Work instructions – Reproduce every line of the material below exactly. No pictures belong in the copy.

Given data –
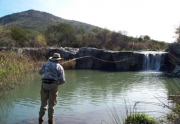 Angler & Antelope Fly fishing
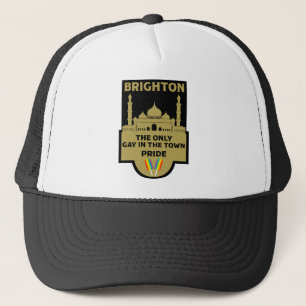 Casquette Brighton Gay pride - Brighton England LGBT -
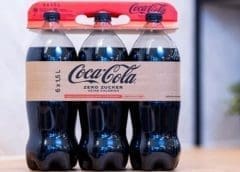 Thumbnail for Coca-Cola ditches shrink film secondary packaging for environmentally friendly alternative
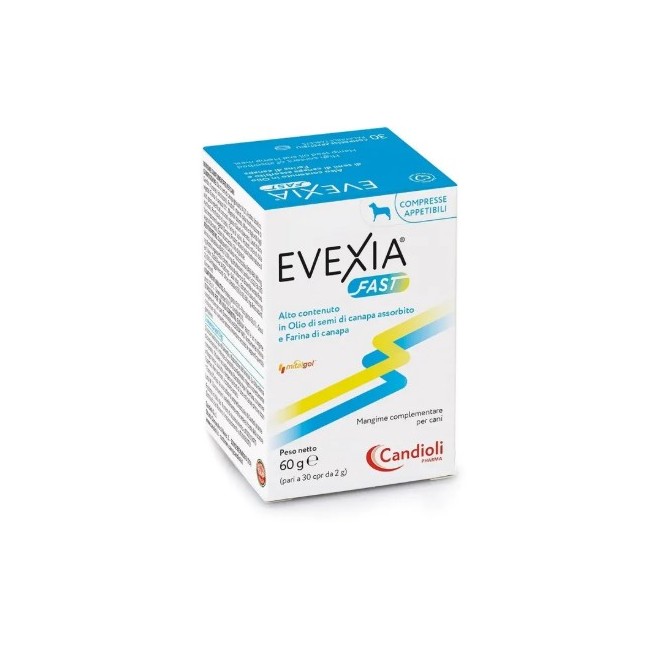 EVEXIA*Fast Cani 30 Cpr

Solved exercise –
 Angler & Antelope Fly fishing
 Casquette Brighton Gay pride - Brighton England LGBT -
 Thumbnail for Coca-Cola ditches shrink film secondary packaging for environmentally friendly alternative
 EVEXIA*Fast Cani 30 Cpr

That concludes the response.